Action-point Sonja: Answer on the issue that more flexibility in Ast_builder
to handle attributes sounds very good.
We've also discussed the impact at Jane Street. Carl has pointed out that there people most likely construct nodes with attributes manually, at the cost of stability.
We've briefly discussed the effort of our recent efforts to keep ppxlib
compatible with OCaml trunk
by one of us allocating time to ppxlib to add the new migrations on every compiler parsetree change. We predicted this to be a lot less work than it actually is for the following reason: Before OCaml 5.1.0
, all OCaml parsetree
changes we remember were syntax additions. Syntax additions are very easy to capture in our parsetree migrations.

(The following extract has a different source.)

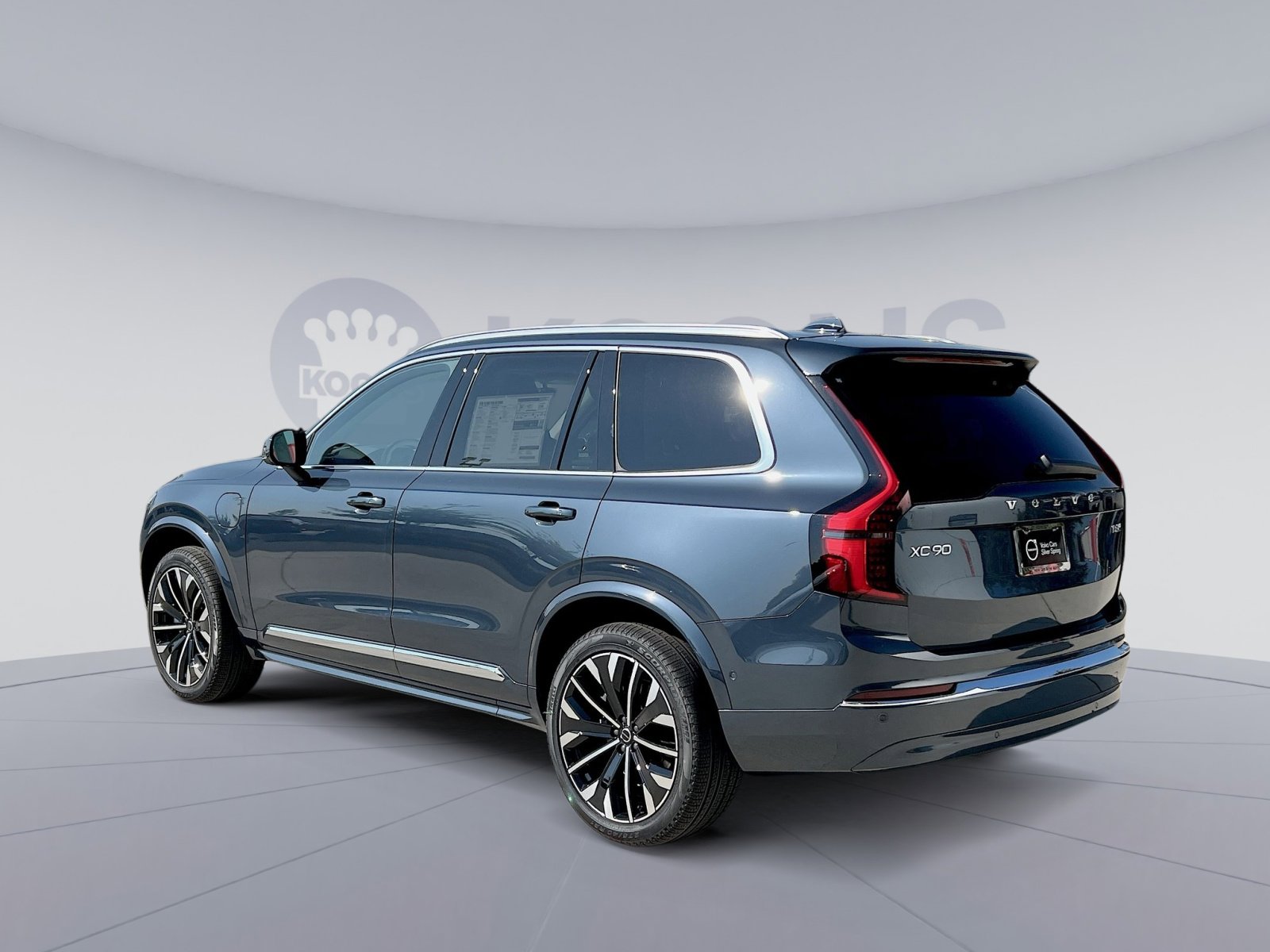New 2026 Volvo XC90 T8 Ultra image 4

However, both for OCaml 5.1.0
and for OCaml 5.2.0
, several parsetree
changes are parsing changes, such as the "type constraint on let bindings" change or the "differentiate between applicative and generative functors" change or the "have the parsetree support functions with arity > 1 directly" change. Those changes need a lot of attention to detail to get the migrations right.. It just isn't viable for us to do a very deep context switch from our usual work to write the migrations for those OCaml parsetree changes right away when introduced in the compiler. So we need to find a way that one ppxlib maintainer can allocate time to upstreaming Astlib to the compiler. That would mean having ppxlib
contibuously co-installable with trunk
.
We've briefly discussed why the ppxlib driver performance is worse than one would expect, and in particular why ppxlib parsetree traversals seem to have much more performance overhead than merlin or compiler parsetree traversals. Was that better when PPX parsetree traversals were based on Ast_mapper
? The summary is: We don't know
We've also mentioned how the parsetree type is a pain in general due to being a mutual recursive type of ~20 types, but that's nothing we could change.